THE BEATS AND HARDY

by Don Ed Hardy

I grew up in a small, ultra-conservative Orange County beach town and was determined to be an artist from a very early age. In my early teens I began to be aware of other cultural currents beyond my home context. These were most dramatically embodied by Beat culture. A few coffee houses existed in adjacent communities and in one, I bought a copy of Ginsberg’s Howl , Ferlinghetti’s Coney Island of the Mind, and Corso’s Bomb—the latter a long vertical broadsheet with the poem typeset in the shape of a mushroom cloud. These made me realize the revolutionary power of the “beatniks” who were currently being lampooned in populist American media and consciousness.

The soundtrack for this was cool West Coast jazz. About 1959-60 my friends and I discovered Sketches of Spain, Mulligan Meets Monk, and Kenneth Patchen reading to a chamber jazz ensemble accompaniment. I also began to be aware of 20th century art history and visited galleries and museums in L.A. Work from both L.A. and San Francisco by people loosely affiliated with the Beat movement made a huge impression, and I was very conscious of S.F. as a center of Beat culture via City Lights Books, etc. Finishing high school, I became serious about developing my art and in 1962, visited S.F. for the first time to stay with friends attending the S.F. Art Institute. That brief trip was a revelation and I knew San Francisco was the place to be, an escape from small-town SoCal mentality. That same year, Naked Lunch was published. Burroughs’ obsessions with social control mechanisms and surreal black humor were a revelation, and I devoured all his other works over the next few years. His stance of being an anonymous observant outsider, moving through various levels of society, strongly influenced my life’s course when leaving academia.

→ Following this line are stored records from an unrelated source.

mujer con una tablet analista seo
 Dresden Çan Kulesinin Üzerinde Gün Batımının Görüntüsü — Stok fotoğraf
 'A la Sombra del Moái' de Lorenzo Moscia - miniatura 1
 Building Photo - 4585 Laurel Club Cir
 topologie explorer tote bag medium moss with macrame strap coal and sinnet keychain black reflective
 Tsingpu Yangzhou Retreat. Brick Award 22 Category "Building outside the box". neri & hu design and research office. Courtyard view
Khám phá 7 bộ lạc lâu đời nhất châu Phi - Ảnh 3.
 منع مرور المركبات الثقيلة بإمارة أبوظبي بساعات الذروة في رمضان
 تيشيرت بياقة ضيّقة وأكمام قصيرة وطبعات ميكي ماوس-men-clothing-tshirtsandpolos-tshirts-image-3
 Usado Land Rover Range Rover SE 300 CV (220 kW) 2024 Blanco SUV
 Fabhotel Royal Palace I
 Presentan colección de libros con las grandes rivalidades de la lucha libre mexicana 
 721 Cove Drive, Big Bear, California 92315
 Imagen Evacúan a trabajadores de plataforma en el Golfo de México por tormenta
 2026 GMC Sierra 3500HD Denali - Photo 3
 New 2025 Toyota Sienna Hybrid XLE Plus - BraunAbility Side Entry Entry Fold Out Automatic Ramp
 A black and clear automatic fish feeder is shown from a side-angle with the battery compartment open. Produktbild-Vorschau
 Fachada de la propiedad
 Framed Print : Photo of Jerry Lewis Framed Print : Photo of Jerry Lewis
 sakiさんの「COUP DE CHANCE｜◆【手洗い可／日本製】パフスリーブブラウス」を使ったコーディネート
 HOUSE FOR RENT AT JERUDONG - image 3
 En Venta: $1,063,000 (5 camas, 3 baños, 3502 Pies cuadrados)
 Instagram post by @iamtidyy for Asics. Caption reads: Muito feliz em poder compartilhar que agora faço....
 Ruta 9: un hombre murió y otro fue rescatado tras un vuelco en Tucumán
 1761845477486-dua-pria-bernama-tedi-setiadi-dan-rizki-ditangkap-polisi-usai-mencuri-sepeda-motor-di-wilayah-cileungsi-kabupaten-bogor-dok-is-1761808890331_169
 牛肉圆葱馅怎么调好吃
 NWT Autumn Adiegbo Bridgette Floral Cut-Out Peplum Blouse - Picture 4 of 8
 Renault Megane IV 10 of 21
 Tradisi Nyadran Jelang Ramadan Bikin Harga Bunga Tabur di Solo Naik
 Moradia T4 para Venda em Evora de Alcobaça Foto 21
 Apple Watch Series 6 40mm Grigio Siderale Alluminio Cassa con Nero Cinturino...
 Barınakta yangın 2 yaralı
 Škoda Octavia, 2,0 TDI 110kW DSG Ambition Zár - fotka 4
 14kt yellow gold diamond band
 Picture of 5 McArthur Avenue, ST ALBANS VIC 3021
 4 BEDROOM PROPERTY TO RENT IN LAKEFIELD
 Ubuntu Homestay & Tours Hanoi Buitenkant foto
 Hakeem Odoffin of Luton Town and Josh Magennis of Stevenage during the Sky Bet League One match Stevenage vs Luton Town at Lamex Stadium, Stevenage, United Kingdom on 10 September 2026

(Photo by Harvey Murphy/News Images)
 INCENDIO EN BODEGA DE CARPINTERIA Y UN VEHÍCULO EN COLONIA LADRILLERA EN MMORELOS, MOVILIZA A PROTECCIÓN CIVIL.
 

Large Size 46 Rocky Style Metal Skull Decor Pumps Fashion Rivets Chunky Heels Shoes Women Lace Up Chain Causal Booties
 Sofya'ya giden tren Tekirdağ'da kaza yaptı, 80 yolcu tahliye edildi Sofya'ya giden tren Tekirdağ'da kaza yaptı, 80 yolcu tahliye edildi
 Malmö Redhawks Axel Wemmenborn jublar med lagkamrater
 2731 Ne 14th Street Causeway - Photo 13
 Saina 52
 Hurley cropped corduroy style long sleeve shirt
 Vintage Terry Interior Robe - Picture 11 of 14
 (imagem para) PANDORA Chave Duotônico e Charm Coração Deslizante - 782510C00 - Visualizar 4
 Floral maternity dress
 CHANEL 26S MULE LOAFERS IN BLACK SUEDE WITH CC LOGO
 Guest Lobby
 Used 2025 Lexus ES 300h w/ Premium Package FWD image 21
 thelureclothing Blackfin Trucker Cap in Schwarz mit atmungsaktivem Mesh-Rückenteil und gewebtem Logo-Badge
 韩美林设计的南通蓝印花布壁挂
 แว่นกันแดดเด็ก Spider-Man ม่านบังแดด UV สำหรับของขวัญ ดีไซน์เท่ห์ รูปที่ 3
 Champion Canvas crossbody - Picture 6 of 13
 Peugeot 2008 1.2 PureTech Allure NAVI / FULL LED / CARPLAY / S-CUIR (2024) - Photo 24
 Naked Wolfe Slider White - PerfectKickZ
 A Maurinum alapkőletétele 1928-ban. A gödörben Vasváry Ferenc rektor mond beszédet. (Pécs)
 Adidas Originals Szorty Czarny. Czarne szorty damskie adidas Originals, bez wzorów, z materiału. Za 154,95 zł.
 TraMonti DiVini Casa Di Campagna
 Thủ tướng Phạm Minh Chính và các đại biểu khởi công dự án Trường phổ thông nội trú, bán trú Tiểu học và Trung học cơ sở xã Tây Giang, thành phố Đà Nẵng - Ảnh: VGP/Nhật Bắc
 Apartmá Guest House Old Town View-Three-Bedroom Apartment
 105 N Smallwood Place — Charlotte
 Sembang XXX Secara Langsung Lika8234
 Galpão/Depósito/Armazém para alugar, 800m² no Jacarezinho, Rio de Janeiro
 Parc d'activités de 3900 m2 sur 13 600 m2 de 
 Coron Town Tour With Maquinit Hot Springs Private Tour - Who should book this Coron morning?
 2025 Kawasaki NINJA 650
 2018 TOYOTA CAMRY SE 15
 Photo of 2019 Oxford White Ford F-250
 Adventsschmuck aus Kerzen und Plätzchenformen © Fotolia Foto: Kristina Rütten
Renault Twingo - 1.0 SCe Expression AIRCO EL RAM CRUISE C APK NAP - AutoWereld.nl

Beat culture’s embrace of Asian philosophy and aesthetics resonated strongly with me and I began to learn more about that from my mentors at SFAI. When I began learning to tattoo, as I finished my undergraduate studies, the Japanese tradition of the (then) little-known art form was the model I followed and wanted to adapt to the folk art of tattooing in America. I had a strong connection with Japan from a very early age, when my father worked for the Occupation in Tokyo and sent home countless souvenirs from that mysterious land. My obsession with tattooing started a few years later, at the age of ten. As my life progressed, all the threads tied together: living and working in Japan, transforming tattooing as a medium, and being San Francisco-centric for the majority of my adult life.